# Door Chime Solenoid Strikers?



## chrisfnl

I've come into possession of an old 4 chime door bell, purchased by my great uncle on returning home from Europe following WWII, so it's 60+ years old.

I'm not overly concerned about the value of the item, however, it's sentimental value to my mother is massive, so having it installed and functional is much greater then maintaining the value of the item.

Unfortunately, it's missing one of it's strikers (may have been missing it for a long time, not sure till I test it), it operates entirely on line voltage (no doorbell transformer), and I don't like the chassis return wiring.

After looking at the design, it struck me it wouldn't be hard to scratch build a new electronic timer and chime assembly, and use the chimes from the existing unit.
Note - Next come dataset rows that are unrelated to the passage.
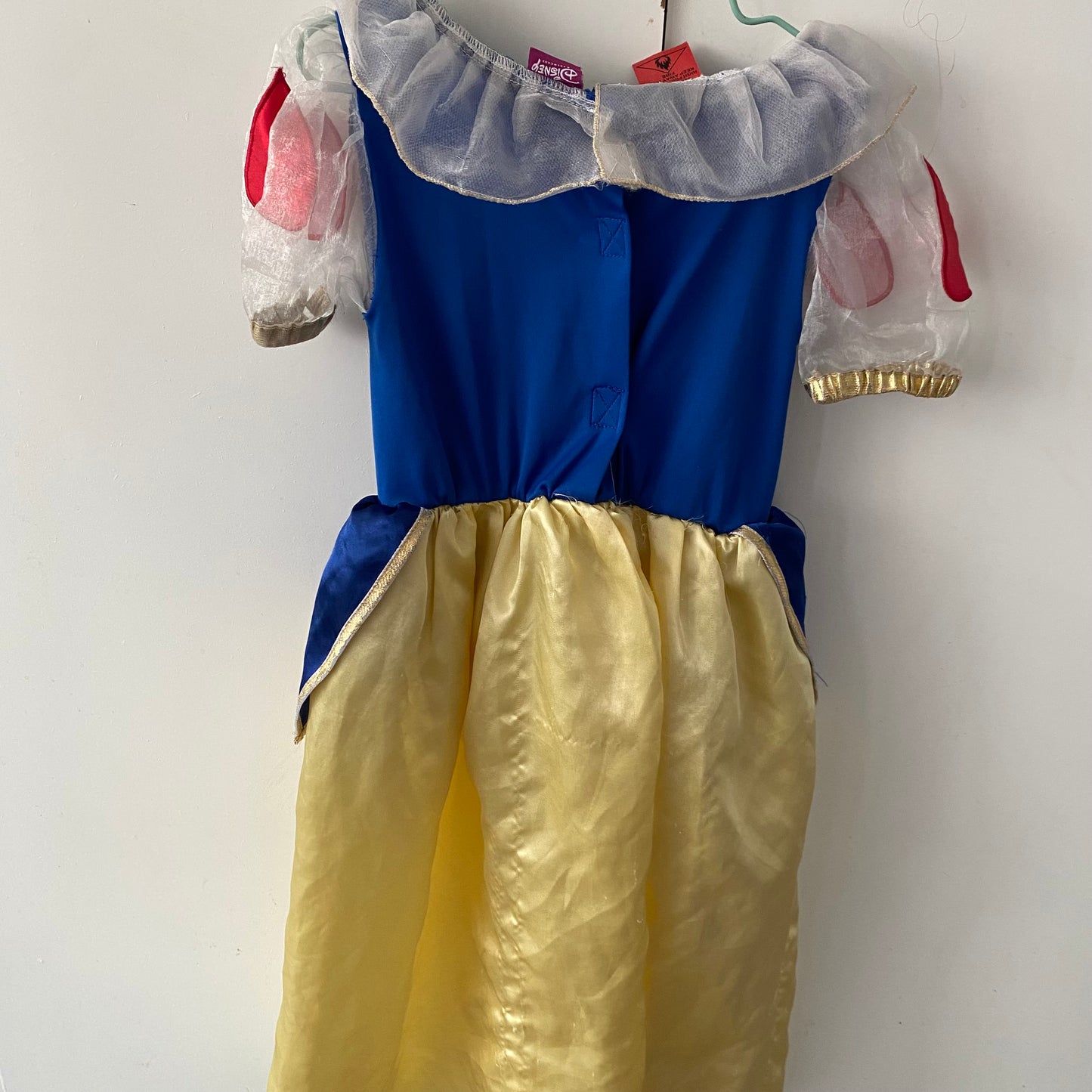 Disney Snow White Costume & Dwarf Plush - Size 4-6Y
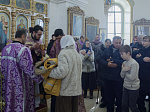 В субботу первой седмицы Великого поста епископ Россошанский и Острогожский Дионисий возглавил богослужение в храме святого мученика Иоанна Воина города Богучара
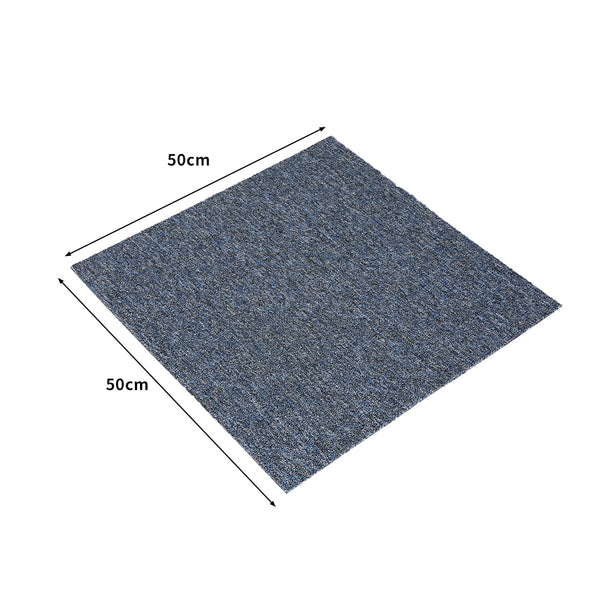 Marlow 20x Carpet Tiles 5m2 Box Heavy Commercial Retail Office Premium Flooring Blue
After scouring e-bay, and googling myself silly, I was rather surprised that I couldn't find a source of new manufactured strikers....

Does anyone know of a source for door chime parts? Either new or used?


----------



## BuzzKill

Google is your friend!


----------



## chrisfnl

And google I did. 

However I can't find a source.


----------



## McClary’s Electrical

BuzzKill said:


> Google is your friend!


Did you read the 5th paragraph?


----------



## Phil DeBlanc

Sometimes it's a matter of what you put in the search box/

http://www.eurekamodern.com/vintage_door_chimes_nutone_rittenhouse_parts.htm

http://www.searspartsdirect.com/partsdirect/product-types/Door-chime-Parts

http://www.furniturefind.com/Door-Bells-and-Chimes-C26087.html

I believe you can find electronic units to conceal within the current housing as well.


----------



## chrisfnl

Sears shows 0 results for door chime parts, and furniture find only sells electronic door chimes.
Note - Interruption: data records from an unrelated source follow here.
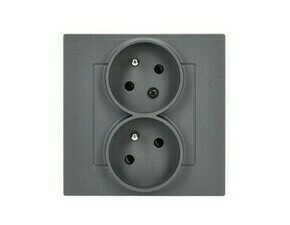 SIMON TGZ2TS/116 Zásuvka silová 2 násobná typ E, s uzemněním, pootočená, 16 A/250 V~ šroub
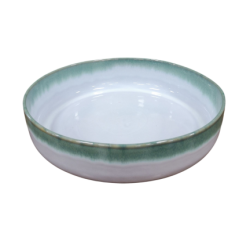 Bol de service bleu contour turquoise 2.5''x11.5''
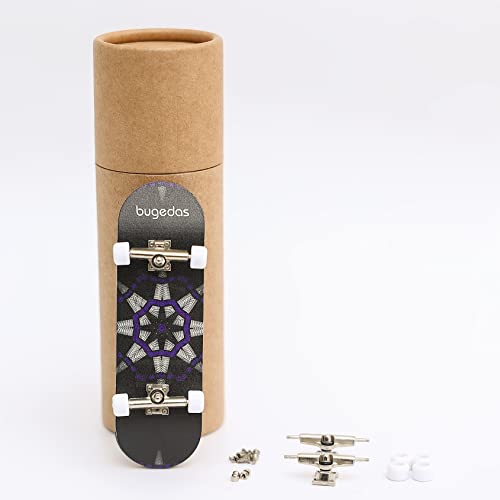 Bugedas Wooden Fingerboard Finger Skateboards Bulk Mini Finger Skateboard, 1pack 30mm*100mm
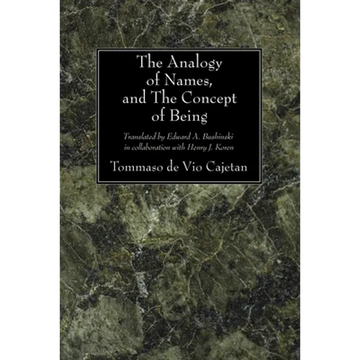 The Analogy of Names and the Concept of Being - Paperback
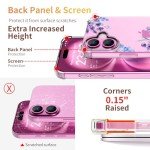 Flower Pattern iPhone 16 Case with Protectors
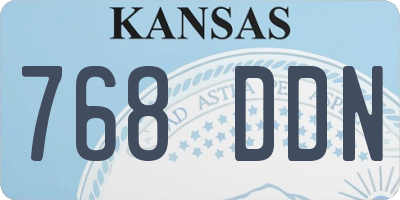 KS license plate 768DDN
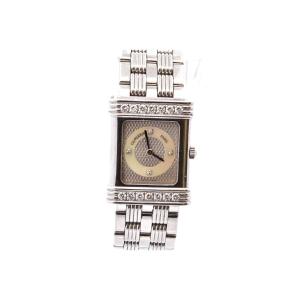 Oj Perrin Steel And Diamond Watch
Apparently a company called craftmade produces these two

http://www.furniturefind.com/Craftmade-C3-PW-FD3460.html

http://www.furniturefind.com/Craftmade-C4-PW-FD3466.html

But the chime tubes are purely decorative (At $448 for the second one, I'm thinking I may need to go into the doorbell business!!!!)
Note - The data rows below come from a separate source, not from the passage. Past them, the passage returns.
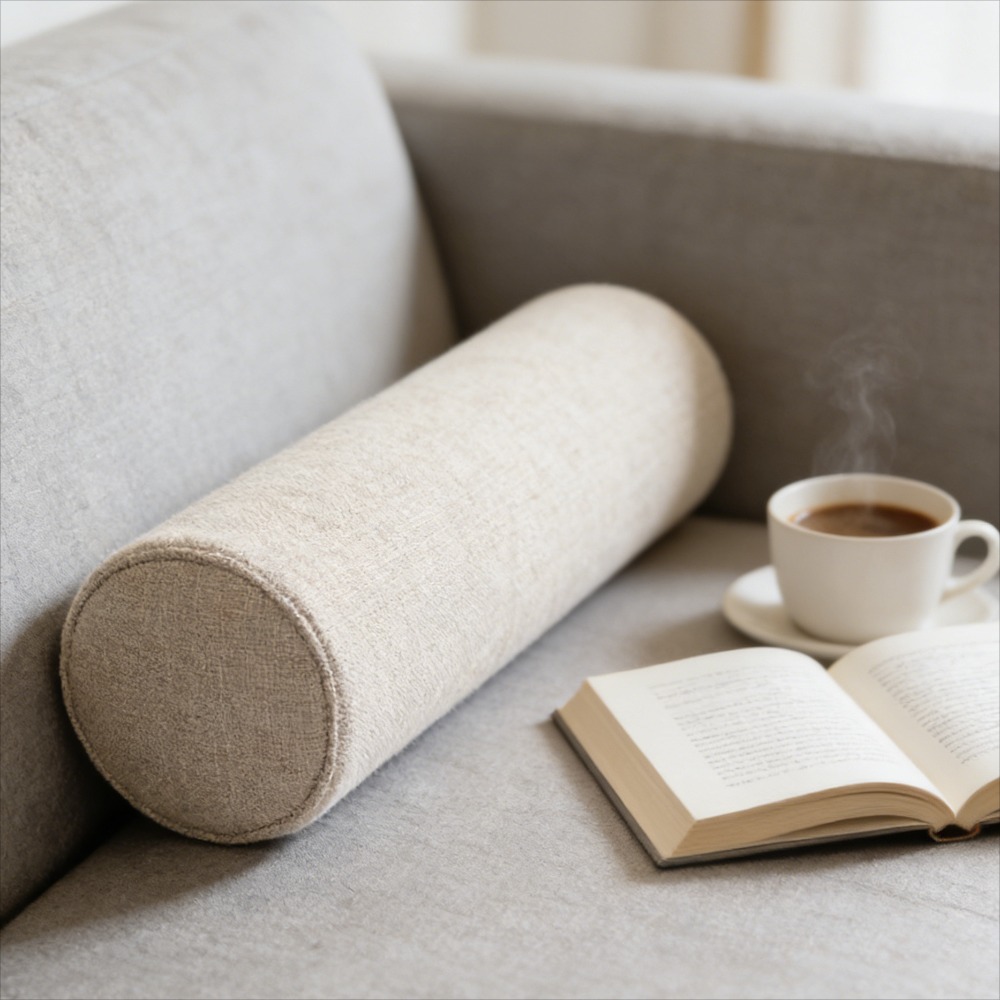 Office Footrest Cushion - Almofada Cilíndrica de Apoio para Cintura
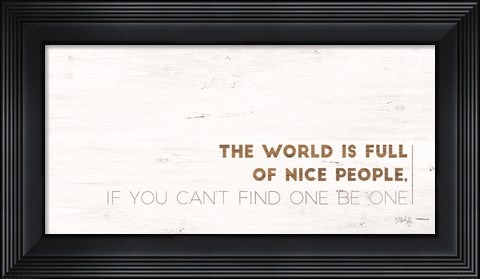 Framed Nice People Print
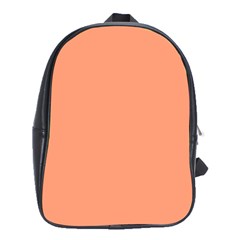 Color Light Salmon School Bag (xl) by Kultjers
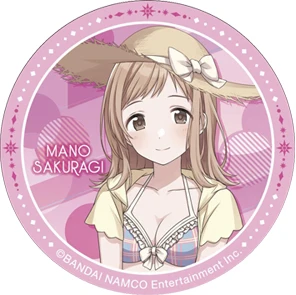 THE IDOLM@ STER аниме Idolmaster Блестящий цветной игровой значок Mano Mamimi Kiriko Yukoku Yuika Hiori Kogane металлический значок брошь на булавке - Окраска металла: 01 Mano Sakuragi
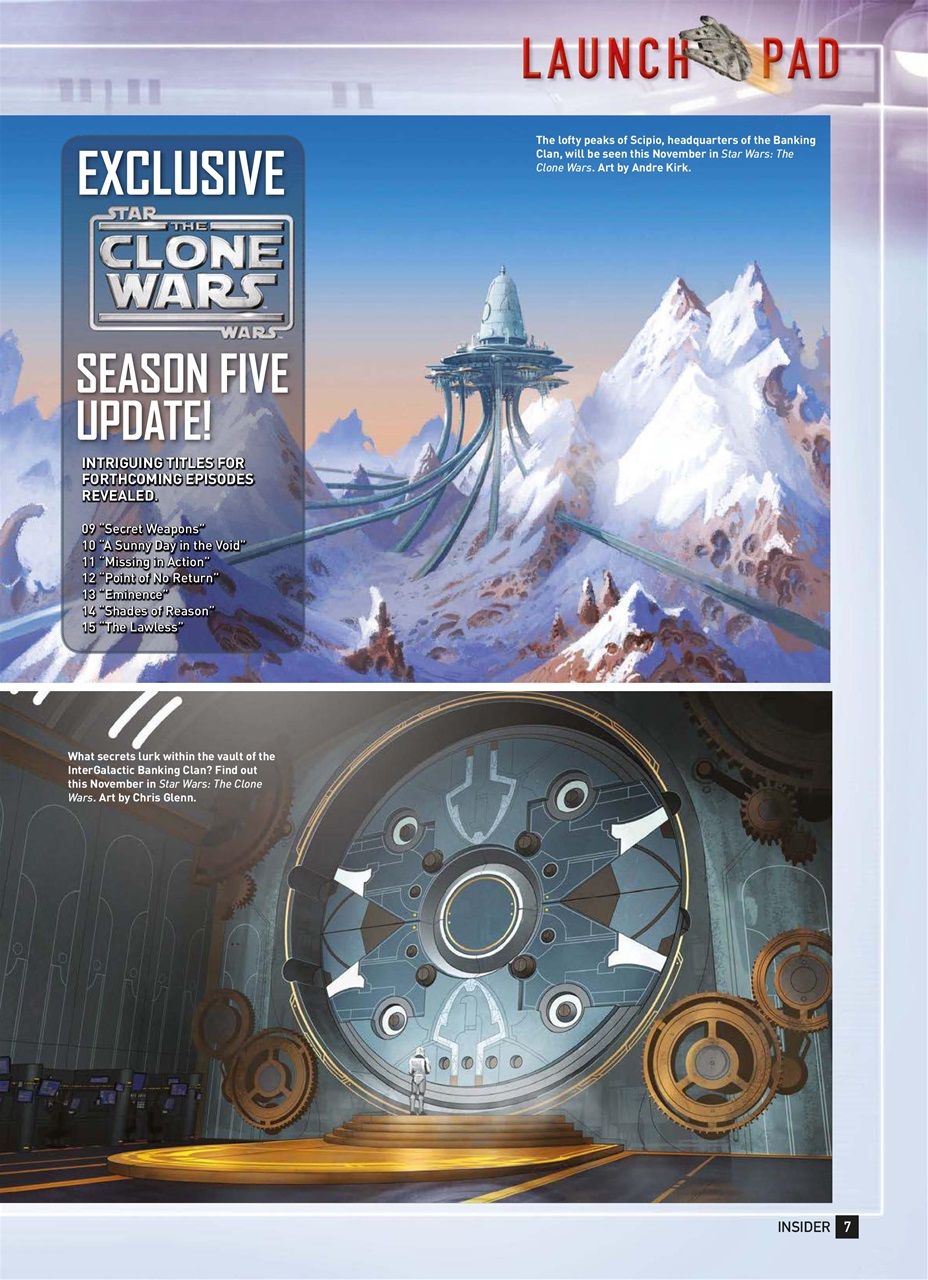 Star Wars Insider Preview Pages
I was in touch with the Eureka Modern fellow this morning (Who has a new website, http://www.knockdoorbells.com/ he actually restores vintage door chimes), he's since gotten back to me, he said there is no manufacturer producing new parts, he said he's had parts made up at a rather premium price by local machine shops.

It just strikes me as very odd that in today's "global market" there'd be no one producing the product, even for such a niche market... I figured there'd at least be a similar part for somthing else... looking at perhaps using a pinball machine solenoid.


----------



## Dennis Alwon

Think of it like this. I have been in business 30+ years and have never had someone ask me to refurbish or even to find parts for an old doorbell. I can't imagine the market is there for that stuff.


----------



## McClary’s Electrical

Dennis Alwon said:


> Think of it like this. I have been in business 30+ years and have never had someone ask me to refurbish or even to find parts for an old doorbell. I can't imagine the market is there for that stuff.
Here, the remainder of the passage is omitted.